⟨

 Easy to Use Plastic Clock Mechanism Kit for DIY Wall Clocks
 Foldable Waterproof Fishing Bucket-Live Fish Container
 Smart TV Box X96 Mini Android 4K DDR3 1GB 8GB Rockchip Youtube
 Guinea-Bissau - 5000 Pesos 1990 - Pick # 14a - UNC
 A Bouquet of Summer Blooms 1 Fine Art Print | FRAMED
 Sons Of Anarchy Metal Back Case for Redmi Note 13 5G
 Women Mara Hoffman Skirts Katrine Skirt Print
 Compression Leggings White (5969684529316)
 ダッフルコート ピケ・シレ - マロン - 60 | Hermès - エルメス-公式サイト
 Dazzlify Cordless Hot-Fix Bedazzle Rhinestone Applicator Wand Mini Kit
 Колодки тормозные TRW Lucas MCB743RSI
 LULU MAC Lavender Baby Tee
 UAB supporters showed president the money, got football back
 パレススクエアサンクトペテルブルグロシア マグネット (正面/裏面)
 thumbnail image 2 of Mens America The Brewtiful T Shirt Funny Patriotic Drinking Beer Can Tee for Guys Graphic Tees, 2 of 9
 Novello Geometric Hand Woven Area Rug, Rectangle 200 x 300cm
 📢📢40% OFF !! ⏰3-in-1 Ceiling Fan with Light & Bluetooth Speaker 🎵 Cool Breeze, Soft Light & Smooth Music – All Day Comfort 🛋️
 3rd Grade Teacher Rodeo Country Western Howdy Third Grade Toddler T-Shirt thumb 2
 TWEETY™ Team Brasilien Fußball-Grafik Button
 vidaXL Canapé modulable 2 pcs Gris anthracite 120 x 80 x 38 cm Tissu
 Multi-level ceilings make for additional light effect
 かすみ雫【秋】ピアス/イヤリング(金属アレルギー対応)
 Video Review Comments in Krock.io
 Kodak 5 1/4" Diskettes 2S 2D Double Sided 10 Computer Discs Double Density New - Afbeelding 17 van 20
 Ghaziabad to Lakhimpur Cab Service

⟩

> **Try it**
Using the records above, work out how many lines hold the string "Shirt"; answer with that number alone.

> **Answer to the exercise**
2